SUPPLIED RECORDS:
•••••

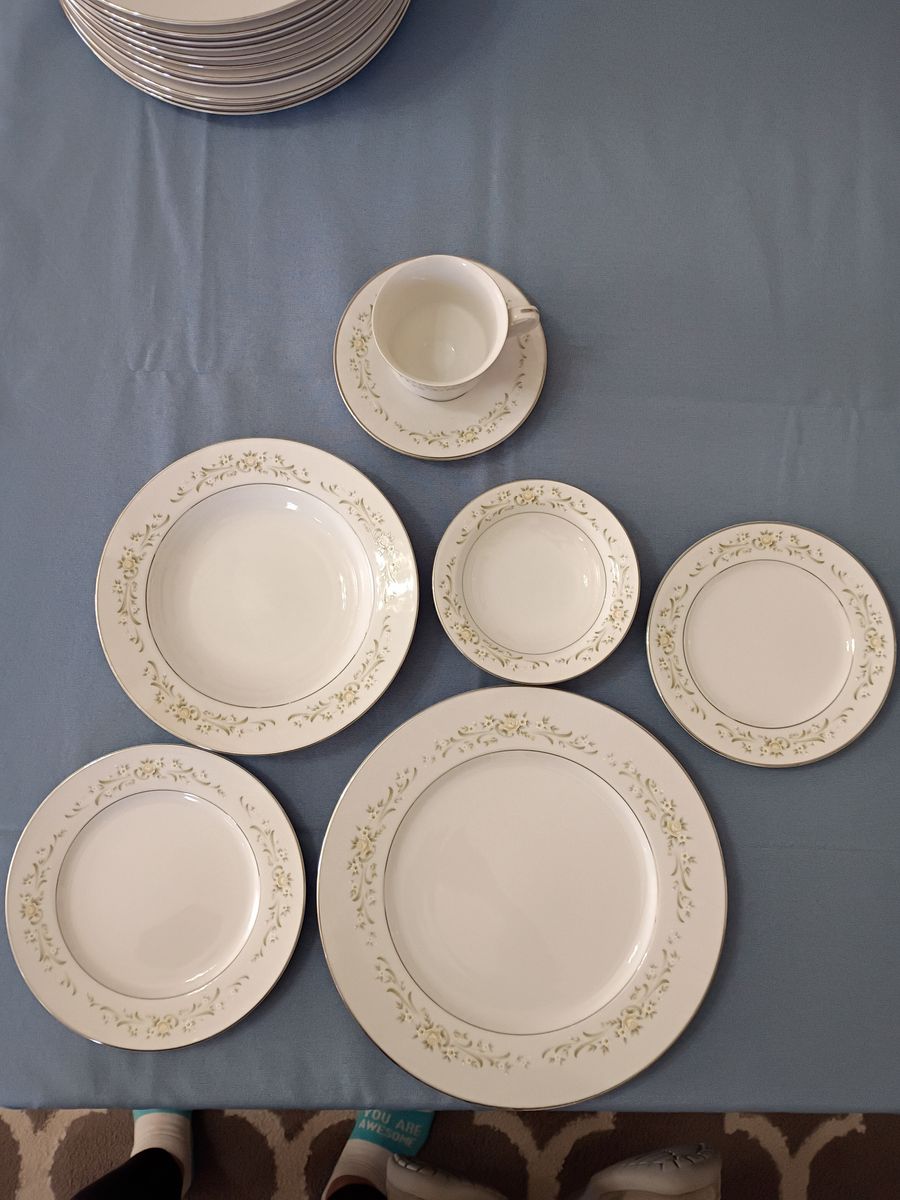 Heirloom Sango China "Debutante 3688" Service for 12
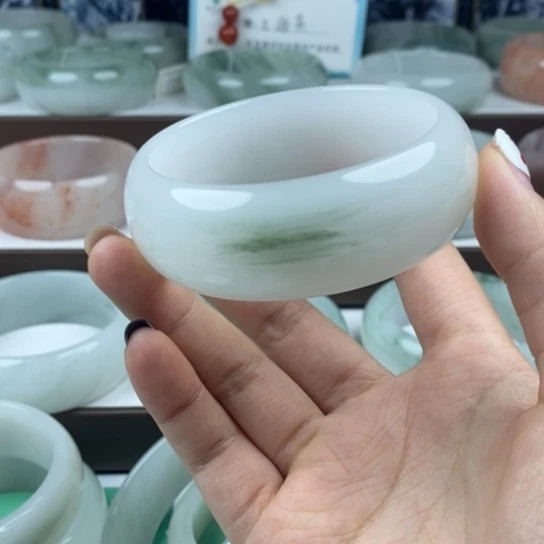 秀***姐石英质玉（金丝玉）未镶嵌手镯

•••••

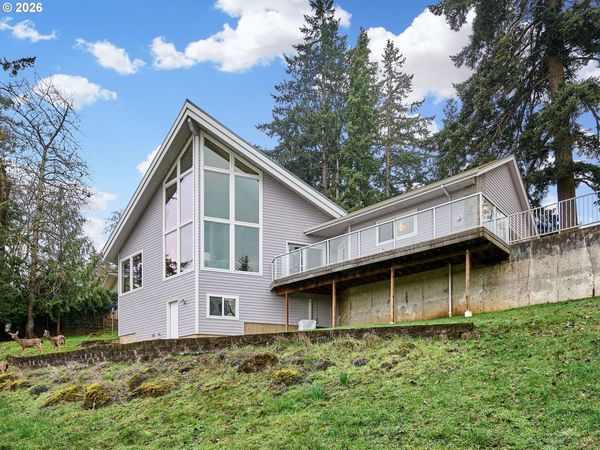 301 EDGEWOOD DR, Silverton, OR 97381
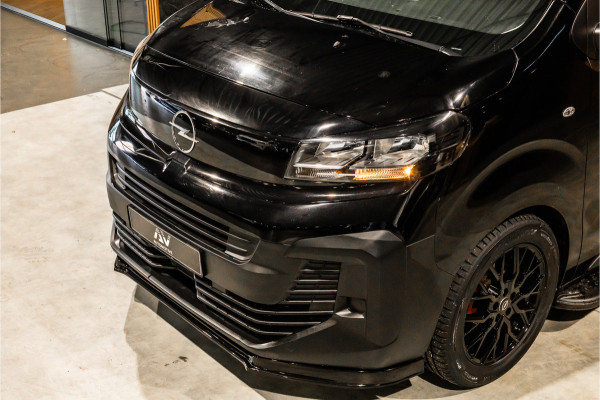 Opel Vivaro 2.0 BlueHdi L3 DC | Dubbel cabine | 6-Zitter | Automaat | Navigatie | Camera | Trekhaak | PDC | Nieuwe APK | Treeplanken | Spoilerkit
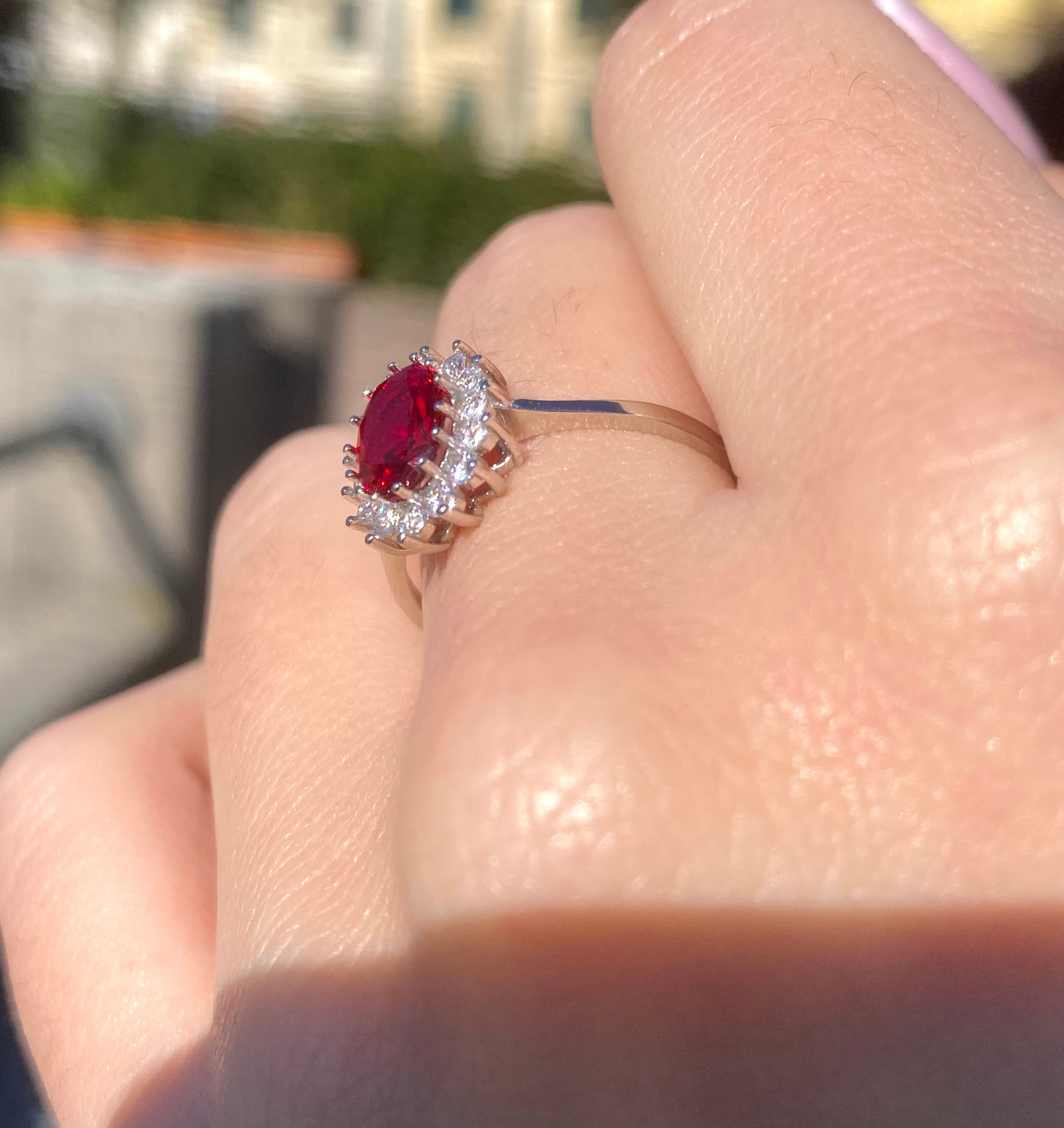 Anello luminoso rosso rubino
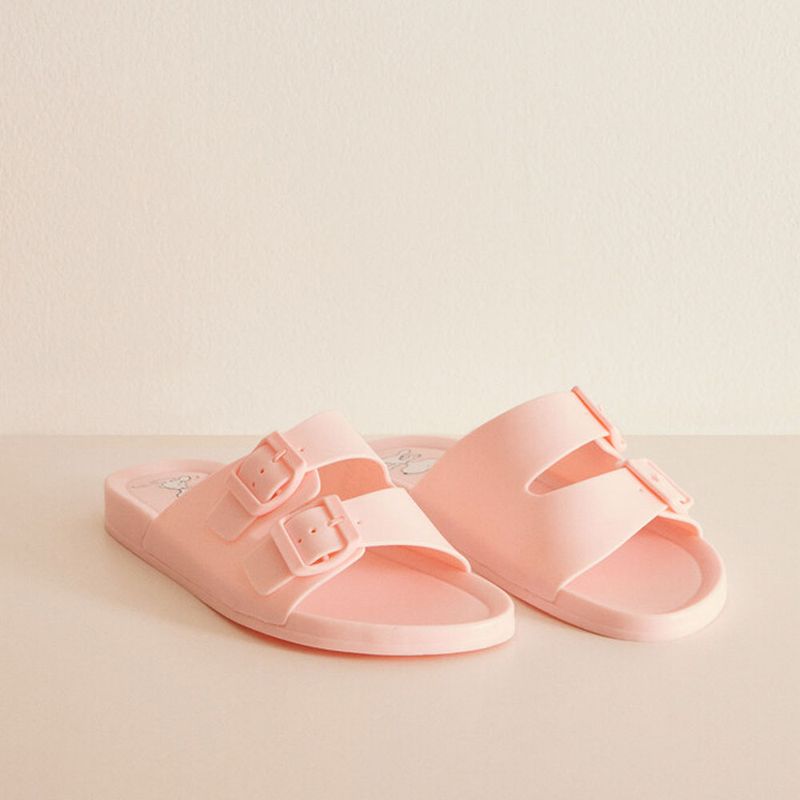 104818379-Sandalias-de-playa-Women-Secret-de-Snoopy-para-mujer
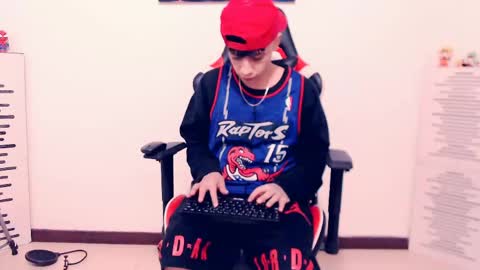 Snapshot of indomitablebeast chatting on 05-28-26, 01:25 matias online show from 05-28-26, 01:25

•••••

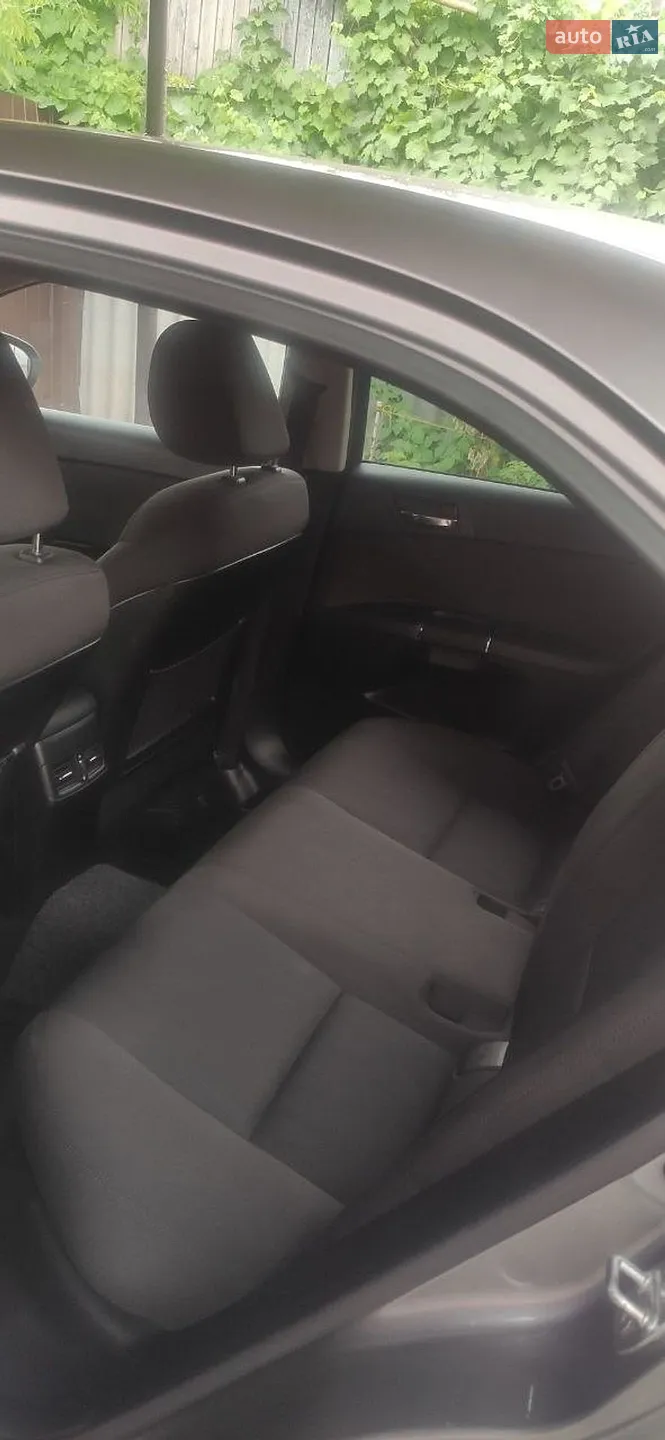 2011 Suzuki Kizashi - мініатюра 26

•••••

What is wanted is an exact copy of the lines above from the one containing "Heirloom Sango China" through the one containing "秀***姐石英质玉（金丝玉）未镶嵌手镯", with no pictures in it.

 Heirloom Sango China "Debutante 3688" Service for 12
 秀***姐石英质玉（金丝玉）未镶嵌手镯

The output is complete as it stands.